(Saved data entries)
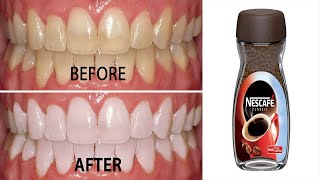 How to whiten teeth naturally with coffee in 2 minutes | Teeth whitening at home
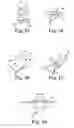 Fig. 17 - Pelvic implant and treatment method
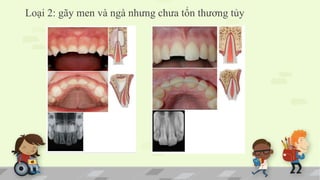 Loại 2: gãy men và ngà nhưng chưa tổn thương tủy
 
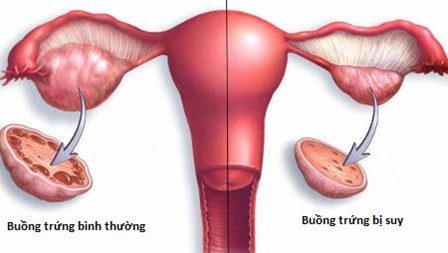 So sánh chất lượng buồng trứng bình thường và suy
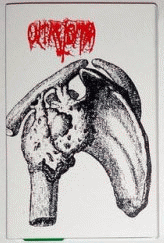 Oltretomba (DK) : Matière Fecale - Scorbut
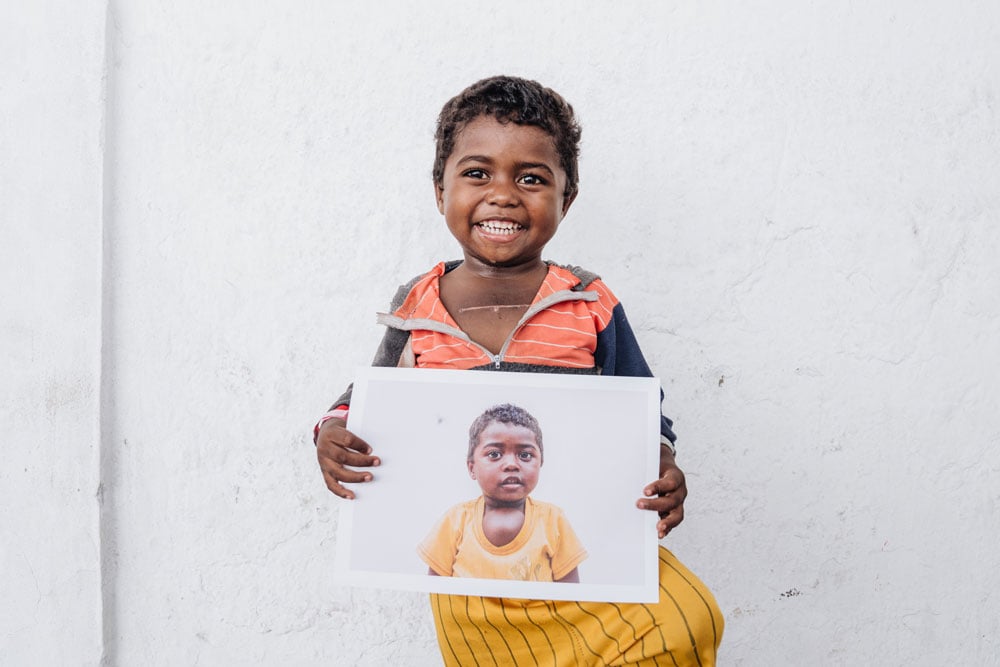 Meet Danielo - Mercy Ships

* * *

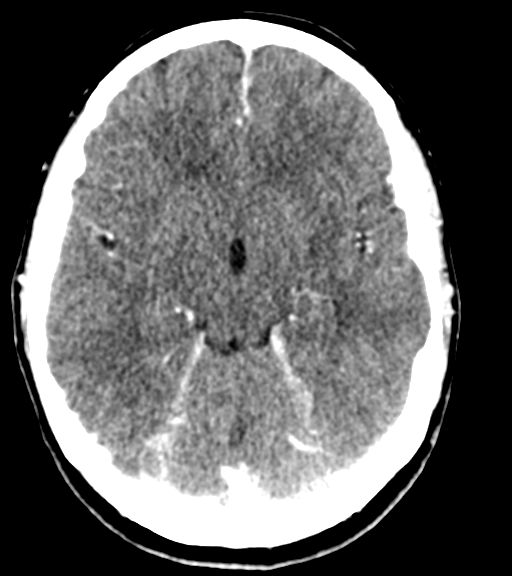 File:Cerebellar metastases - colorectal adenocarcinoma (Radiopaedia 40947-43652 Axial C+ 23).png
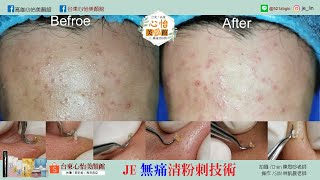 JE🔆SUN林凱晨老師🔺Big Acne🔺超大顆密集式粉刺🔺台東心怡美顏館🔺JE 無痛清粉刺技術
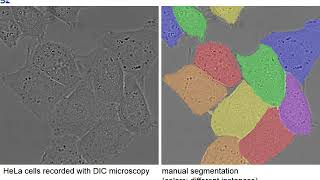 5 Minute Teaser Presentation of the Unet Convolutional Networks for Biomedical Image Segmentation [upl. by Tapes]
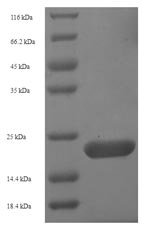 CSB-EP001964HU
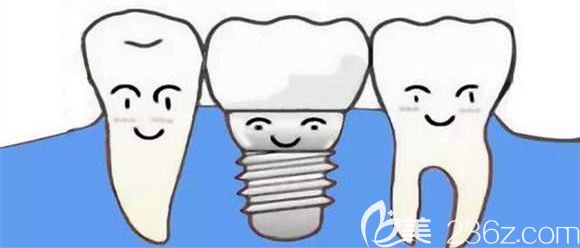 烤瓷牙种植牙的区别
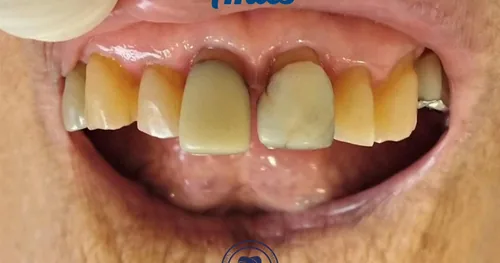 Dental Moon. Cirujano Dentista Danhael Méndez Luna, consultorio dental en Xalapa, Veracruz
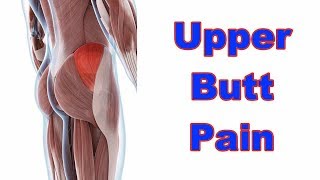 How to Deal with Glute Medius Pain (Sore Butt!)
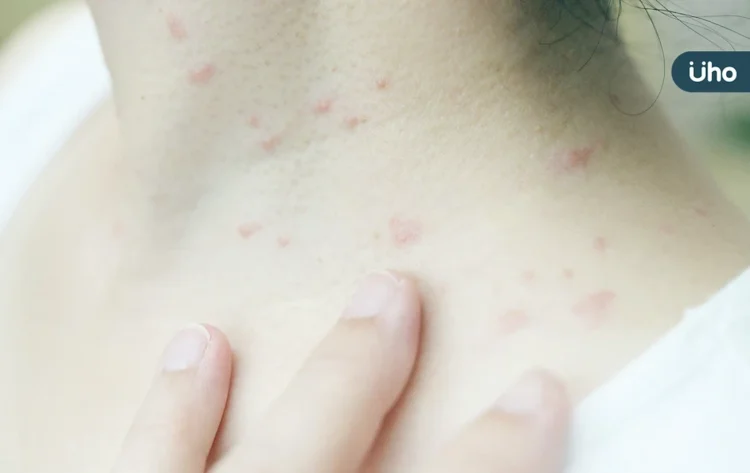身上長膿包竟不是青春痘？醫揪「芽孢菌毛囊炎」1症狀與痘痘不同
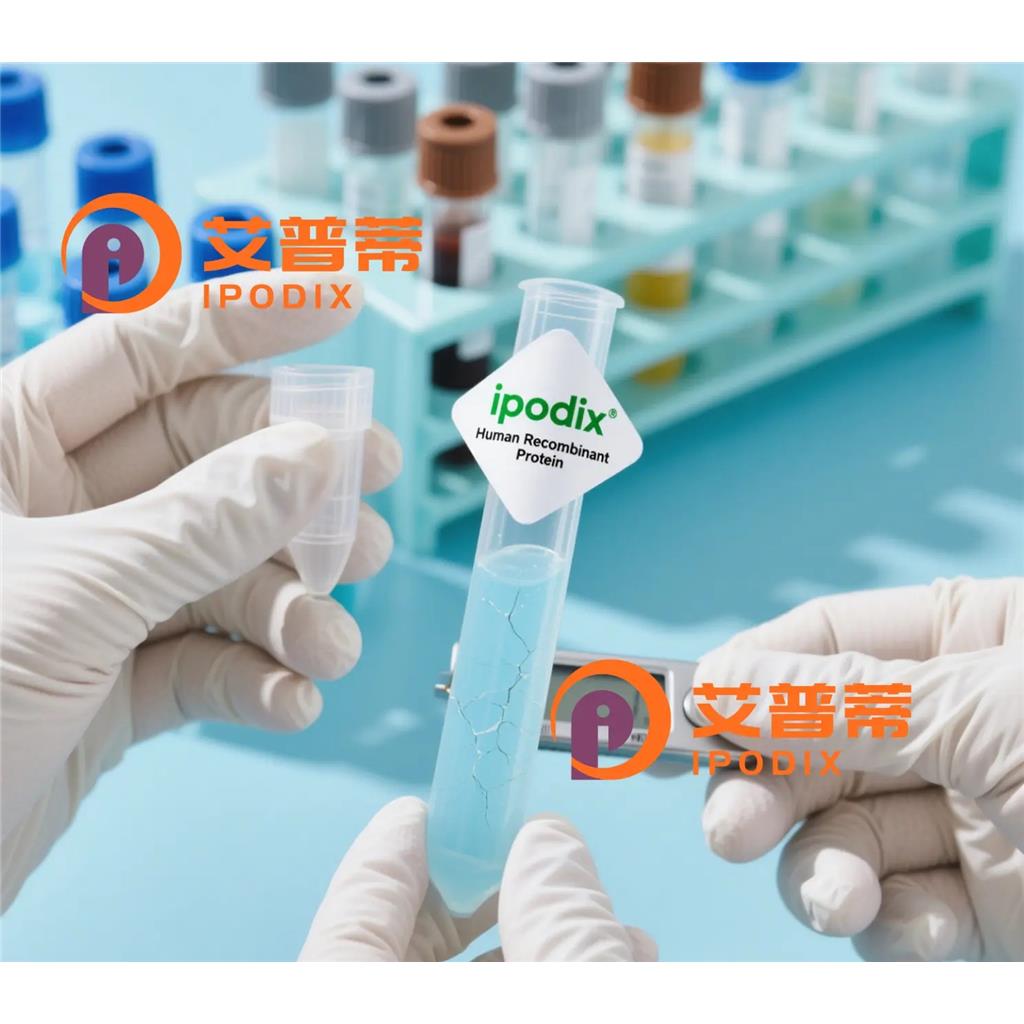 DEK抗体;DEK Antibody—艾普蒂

* PROBLEM TO WORK ON: Above are some records; extract exactly the lines from the one containing "File:Cerebellar metastases - colorectal" through the one containing "DEK抗体;DEK Antibody—艾普蒂" and drop the pictures.

* PROBLEM SOLUTION:
 File:Cerebellar metastases - colorectal adenocarcinoma (Radiopaedia 40947-43652 Axial C+ 23).png
 JE🔆SUN林凱晨老師🔺Big Acne🔺超大顆密集式粉刺🔺台東心怡美顏館🔺JE 無痛清粉刺技術
 5 Minute Teaser Presentation of the Unet Convolutional Networks for Biomedical Image Segmentation [upl. by Tapes]
 CSB-EP001964HU
 烤瓷牙种植牙的区别
 Dental Moon. Cirujano Dentista Danhael Méndez Luna, consultorio dental en Xalapa, Veracruz
 How to Deal with Glute Medius Pain (Sore Butt!)
身上長膿包竟不是青春痘？醫揪「芽孢菌毛囊炎」1症狀與痘痘不同
 DEK抗体;DEK Antibody—艾普蒂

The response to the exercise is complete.